Work order: Note on the material below: return exactly the lines from the line that holds "18 Lindas Way, Carrum Downs VIC 3201" through the line that holds "Noah's Ark Deluxe & Hotel", and leave out each picture.

Records for the task:
*** Begin section ***

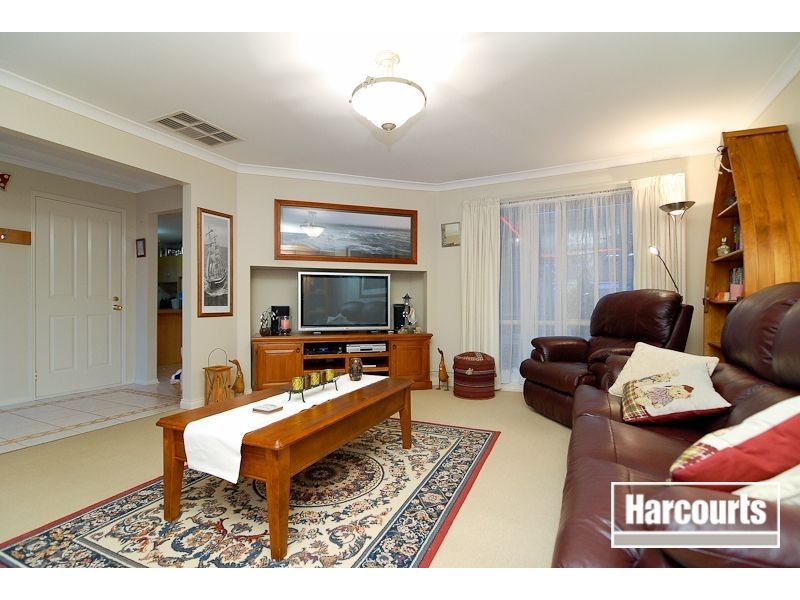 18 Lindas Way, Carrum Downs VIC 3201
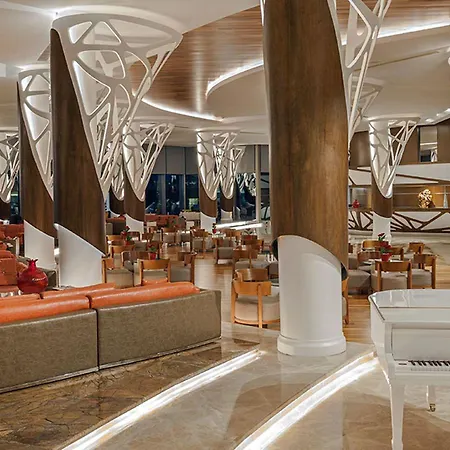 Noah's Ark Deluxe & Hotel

*** End section ***
*** Begin section ***

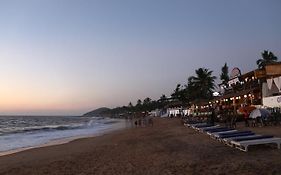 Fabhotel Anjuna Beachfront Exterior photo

*** End section ***

The answer:
 18 Lindas Way, Carrum Downs VIC 3201
 Noah's Ark Deluxe & Hotel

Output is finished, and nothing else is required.